I was taught English in a northern British grammar school in the 1960s. This makes a me a bit curmudgeonly about much medical prose, especially from America. Consider this latest BMJ submission from Harvard: ” Lower risks of measured outcomes likely reflect unmeasured differences in comorbidity and frailty. The findings highlight potential pitfalls of observational comparative effectiveness research and support physician consideration of general health status in selecting patients for ICD therapy.” By spending a year in New England I’ve grown used to listening attentively to this kind of stuff and translating it as I go. “Likely” means “probably.”  “Measured outcomes” means “recorded adverse outcomes.” The second sentence jumbles unrelated concepts. “Findings highlight potential pitfalls” is the sort of phrase that would have led to corporal punishment in my day. We were taught that writing was the organization of thoughts and words so that they followed a logical order and rhythm that would make them understandable. I can’t find any connection between the first and second parts of this sentence. If the findings show that important data about comorbidity and frailty are (likely) missing or unrecorded, how does that help physicians take them into account when selecting patients for ICD? And what is this “when selecting patients” about: shouldn’t that read “when discussing ICD implantation with patients?” This is paternalistic shared decision making at its traditional worst: the physician makes the decision on the basis of lousy evidence and the patient shares it.

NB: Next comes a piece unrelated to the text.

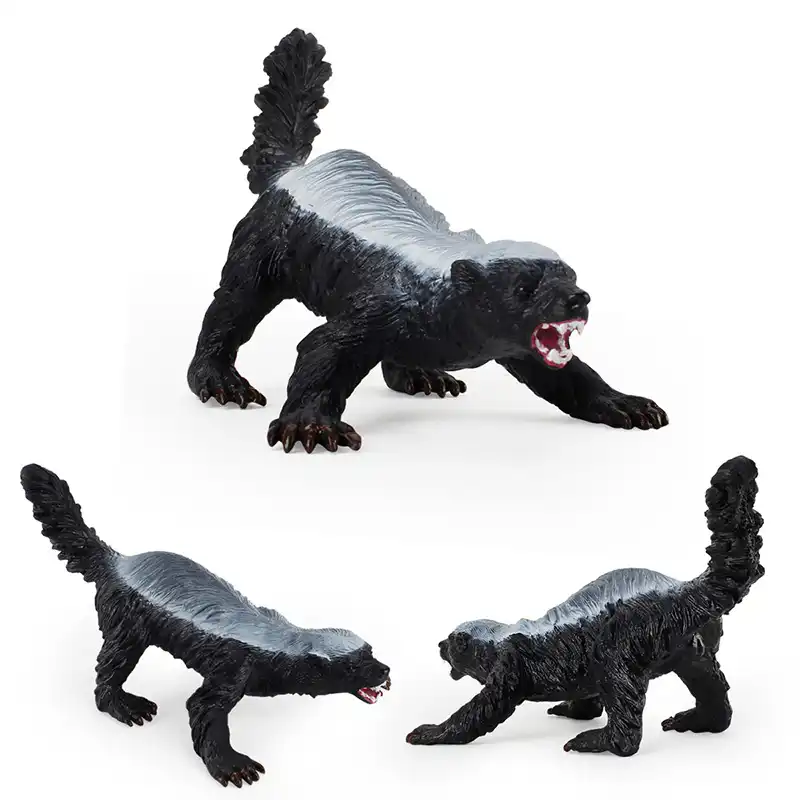 honey badger figurine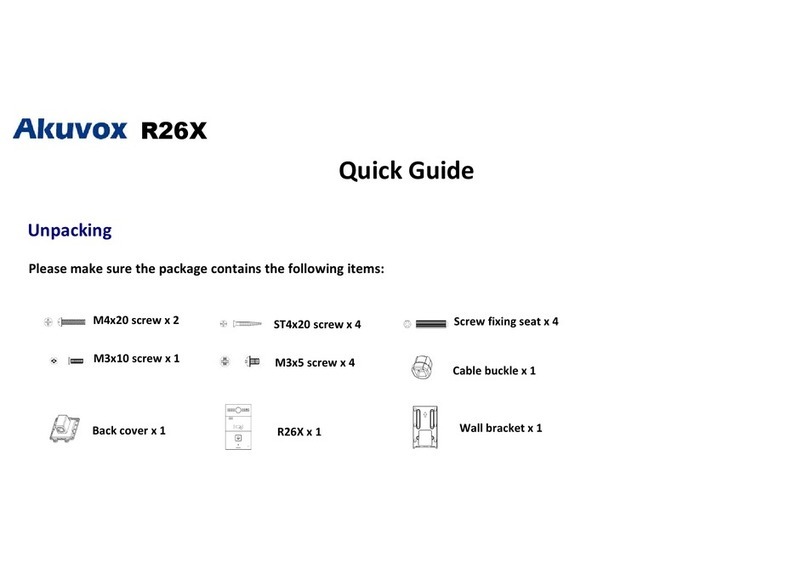 Akuvox R26X User manual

Plant of the Week: Ranunculus bulbosus “F.M.Burton”

At this time of year, and indeed for some months yet, English meadows are full of buttercups. They look happy, even on rainy days. But woe betide the gardener who allows this happiness in the formal garden. The buttercup is ruthless, and its children will soon be everywhere, forming tough root systems that sucker and spread.

Such—I am told—is not the case with Ranunculus bulbosus, a non-invasive buttercup which in the form of “F.M.Burton” bears cup of soft primrose yellow. “Easy in moist or normal soil, shade. Lovely. H7 (below -20)” says the label. Sounds like a plant that might even thrive in Connecticut.